Quand l’éducation s’excuse de vouloir vivre Par Jean Louis Butherly Nous sommes tombés au plus bas de l’échelle humaine.
Quand l’éducation s’excuse de vouloir vivre
Par Jean Louis Butherly
Nous sommes tombés au plus bas de l’échelle humaine.
Lorsqu’une institution scolaire en vient à exiger de ses professeurs des excuses simplement parce qu’ils ont osé demander une augmentation de salaire, c’est que la conscience collective a atteint son point le plus bas.
Ce geste, en apparence banal, révèle une blessure profonde dans le tissu moral de notre société : le mépris de ceux qui éduquent.
L’école devrait être un sanctuaire de respect, un lieu où l’on élève les esprits et non où l’on écrase les âmes. Pourtant, dans certaines institutions de notre pays, l’enseignant est réduit au silence, considéré comme un simple exécutant que l’on peut manipuler à volonté. On oublie qu’avant d’être un travailleur, il est un bâtisseur d’avenir, un artisan de la lumière.
C’est par lui que passent les rêves, les idées, la culture, la pensée. Et pourtant, il doit s’excuser d’avoir faim, d’avoir soif de dignité, de vouloir simplement vivre de son métier.
Réclamer un salaire juste n’est pas un crime. C’est un droit.
Mais en Haïti, ce droit devient souvent une faute morale, un affront contre le système.
L’enseignant qui ose parler devient un rebelle ; celui qui se tait devient complice de sa propre misère.
Ainsi, beaucoup vivent dans la peur de perdre leur poste, même s’ils savent que ce poste ne leur garantit ni respect, ni sécurité, ni avenir.
Comment comprendre qu’un professeur, pilier de la société, doive s’excuser pour avoir revendiqué un peu plus de considération ?

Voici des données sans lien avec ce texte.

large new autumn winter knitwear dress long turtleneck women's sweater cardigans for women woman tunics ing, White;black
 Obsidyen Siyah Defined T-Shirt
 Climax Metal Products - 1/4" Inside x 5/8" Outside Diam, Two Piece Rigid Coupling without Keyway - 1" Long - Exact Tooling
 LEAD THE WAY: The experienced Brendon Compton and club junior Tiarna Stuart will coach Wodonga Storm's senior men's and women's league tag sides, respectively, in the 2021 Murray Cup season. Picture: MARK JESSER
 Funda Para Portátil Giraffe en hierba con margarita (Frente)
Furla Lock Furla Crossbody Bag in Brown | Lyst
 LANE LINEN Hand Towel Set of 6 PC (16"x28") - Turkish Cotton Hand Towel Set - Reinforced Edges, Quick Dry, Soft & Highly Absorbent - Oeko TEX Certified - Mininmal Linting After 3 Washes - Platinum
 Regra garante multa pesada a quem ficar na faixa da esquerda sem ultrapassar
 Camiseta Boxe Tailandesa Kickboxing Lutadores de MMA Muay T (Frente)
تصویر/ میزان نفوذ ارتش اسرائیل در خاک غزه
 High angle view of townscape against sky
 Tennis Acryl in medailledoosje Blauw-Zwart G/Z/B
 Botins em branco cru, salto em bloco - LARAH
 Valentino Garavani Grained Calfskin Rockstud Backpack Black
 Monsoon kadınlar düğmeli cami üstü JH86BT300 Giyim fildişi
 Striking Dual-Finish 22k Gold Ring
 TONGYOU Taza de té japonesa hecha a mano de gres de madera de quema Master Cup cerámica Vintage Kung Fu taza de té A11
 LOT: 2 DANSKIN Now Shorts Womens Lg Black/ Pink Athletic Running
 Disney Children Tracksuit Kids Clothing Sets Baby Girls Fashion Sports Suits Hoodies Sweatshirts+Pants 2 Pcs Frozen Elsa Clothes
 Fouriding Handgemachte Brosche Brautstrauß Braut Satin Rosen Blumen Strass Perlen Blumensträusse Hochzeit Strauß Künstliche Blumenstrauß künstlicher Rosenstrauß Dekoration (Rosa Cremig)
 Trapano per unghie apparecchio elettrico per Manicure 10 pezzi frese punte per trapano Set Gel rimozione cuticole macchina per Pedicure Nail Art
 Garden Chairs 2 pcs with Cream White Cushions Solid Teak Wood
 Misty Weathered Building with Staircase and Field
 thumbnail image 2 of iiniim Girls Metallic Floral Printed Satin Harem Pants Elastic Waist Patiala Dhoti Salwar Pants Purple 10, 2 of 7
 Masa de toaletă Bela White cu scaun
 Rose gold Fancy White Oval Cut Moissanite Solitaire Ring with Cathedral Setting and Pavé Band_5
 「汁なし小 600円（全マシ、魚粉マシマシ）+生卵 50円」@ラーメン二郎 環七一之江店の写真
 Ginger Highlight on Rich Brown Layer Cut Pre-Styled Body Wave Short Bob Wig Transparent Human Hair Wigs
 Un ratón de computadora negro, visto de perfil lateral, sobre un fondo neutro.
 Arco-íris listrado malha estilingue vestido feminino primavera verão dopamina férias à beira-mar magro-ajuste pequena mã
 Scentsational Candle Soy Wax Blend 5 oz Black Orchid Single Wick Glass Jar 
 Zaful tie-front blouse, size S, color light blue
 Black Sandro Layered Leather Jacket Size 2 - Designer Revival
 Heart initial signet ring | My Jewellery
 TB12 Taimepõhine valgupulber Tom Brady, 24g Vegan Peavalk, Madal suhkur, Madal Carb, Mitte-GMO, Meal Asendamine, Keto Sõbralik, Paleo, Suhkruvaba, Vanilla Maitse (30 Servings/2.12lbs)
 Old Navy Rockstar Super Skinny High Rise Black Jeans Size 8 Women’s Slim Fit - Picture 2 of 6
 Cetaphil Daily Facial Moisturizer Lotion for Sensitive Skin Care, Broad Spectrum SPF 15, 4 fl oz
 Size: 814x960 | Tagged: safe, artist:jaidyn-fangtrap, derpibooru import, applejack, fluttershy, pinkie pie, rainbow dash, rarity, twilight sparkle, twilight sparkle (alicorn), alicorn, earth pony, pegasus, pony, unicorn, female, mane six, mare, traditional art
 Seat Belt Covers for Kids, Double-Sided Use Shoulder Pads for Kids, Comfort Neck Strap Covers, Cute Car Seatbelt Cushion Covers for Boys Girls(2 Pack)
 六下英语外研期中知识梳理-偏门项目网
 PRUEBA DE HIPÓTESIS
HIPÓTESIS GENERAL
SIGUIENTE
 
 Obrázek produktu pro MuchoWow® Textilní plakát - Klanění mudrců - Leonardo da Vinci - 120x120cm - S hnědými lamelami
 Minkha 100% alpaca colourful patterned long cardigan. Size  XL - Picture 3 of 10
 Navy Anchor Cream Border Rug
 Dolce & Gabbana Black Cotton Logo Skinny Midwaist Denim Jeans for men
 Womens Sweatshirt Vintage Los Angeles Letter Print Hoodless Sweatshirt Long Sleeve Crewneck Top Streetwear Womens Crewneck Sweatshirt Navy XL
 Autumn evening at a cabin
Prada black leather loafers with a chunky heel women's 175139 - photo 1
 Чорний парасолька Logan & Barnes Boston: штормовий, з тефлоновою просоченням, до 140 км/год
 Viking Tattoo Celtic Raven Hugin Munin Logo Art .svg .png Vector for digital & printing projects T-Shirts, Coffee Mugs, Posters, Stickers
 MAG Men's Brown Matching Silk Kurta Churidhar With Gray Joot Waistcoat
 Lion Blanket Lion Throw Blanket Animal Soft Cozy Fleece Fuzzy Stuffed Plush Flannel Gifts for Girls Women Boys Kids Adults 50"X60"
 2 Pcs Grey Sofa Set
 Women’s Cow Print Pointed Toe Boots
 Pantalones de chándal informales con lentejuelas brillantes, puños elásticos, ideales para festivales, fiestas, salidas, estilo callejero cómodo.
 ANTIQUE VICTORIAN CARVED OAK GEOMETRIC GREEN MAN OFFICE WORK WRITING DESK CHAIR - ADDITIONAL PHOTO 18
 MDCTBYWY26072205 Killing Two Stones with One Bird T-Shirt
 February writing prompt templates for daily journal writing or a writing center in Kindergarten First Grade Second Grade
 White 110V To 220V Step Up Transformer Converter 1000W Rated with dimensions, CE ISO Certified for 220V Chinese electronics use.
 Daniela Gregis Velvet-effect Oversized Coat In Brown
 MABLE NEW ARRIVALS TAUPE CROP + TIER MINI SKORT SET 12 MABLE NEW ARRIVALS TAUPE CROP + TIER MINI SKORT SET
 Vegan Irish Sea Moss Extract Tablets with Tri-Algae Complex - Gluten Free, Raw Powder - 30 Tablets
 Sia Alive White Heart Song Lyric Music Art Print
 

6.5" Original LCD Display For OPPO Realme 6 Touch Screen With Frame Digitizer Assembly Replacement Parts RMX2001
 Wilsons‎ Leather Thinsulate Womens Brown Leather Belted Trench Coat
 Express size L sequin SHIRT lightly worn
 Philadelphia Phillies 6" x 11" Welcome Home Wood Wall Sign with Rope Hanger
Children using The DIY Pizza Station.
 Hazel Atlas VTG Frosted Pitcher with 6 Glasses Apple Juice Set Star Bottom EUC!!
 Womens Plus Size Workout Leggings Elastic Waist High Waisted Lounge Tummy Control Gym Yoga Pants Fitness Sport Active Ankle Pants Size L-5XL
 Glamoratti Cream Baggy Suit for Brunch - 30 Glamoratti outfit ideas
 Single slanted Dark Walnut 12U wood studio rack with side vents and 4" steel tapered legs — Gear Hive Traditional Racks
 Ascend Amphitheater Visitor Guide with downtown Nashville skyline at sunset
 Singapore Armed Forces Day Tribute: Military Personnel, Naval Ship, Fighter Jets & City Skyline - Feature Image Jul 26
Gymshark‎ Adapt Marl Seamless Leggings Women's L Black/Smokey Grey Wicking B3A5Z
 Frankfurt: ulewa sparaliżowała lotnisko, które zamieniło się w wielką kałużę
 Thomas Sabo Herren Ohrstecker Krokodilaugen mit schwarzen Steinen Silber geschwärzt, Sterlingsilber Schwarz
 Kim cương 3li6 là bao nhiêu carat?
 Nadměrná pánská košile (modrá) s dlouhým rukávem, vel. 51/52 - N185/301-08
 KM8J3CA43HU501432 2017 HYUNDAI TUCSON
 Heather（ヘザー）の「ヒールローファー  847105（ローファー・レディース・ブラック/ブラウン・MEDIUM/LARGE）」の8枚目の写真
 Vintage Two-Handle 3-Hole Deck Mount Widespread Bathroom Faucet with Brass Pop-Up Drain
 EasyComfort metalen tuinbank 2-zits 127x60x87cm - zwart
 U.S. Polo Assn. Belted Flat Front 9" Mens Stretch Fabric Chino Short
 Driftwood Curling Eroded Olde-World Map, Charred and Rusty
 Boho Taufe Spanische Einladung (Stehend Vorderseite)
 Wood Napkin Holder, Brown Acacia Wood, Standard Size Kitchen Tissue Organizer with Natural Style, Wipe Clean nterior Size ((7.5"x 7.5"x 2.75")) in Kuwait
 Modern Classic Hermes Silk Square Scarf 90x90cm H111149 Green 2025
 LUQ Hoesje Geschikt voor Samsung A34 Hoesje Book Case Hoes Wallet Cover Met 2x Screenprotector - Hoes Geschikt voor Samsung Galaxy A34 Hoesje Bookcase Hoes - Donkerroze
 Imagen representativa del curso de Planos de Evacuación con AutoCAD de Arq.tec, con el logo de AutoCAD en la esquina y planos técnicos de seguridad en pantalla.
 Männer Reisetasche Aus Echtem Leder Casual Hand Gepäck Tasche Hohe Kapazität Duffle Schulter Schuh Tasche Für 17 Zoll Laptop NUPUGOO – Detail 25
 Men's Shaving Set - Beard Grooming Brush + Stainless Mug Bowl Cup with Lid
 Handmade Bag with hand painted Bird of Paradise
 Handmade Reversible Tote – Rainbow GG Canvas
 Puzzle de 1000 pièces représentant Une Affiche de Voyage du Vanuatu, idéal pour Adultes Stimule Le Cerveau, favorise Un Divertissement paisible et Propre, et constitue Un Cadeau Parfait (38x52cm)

Comment peut-on exiger des excuses à celui qui passe ses journées à former les citoyens de demain, à éveiller les consciences, à combattre l’ignorance avec si peu de moyens ?
C’est une insulte à la mission éducative, une offense à la dignité humaine.
Le drame, c’est que ce comportement ne vient pas seulement des dirigeants politiques, mais souvent de ceux qui partagent la même souffrance : des responsables d’école, parfois eux-mêmes enseignants, qui reproduisent la domination qu’ils ont subie.
C’est ainsi que le système se perpétue : l’humilié devient à son tour l’humiliateur.
Et l’école, au lieu d’être un espace de liberté et de solidarité, devient un lieu de hiérarchie, de peur et d’injustice.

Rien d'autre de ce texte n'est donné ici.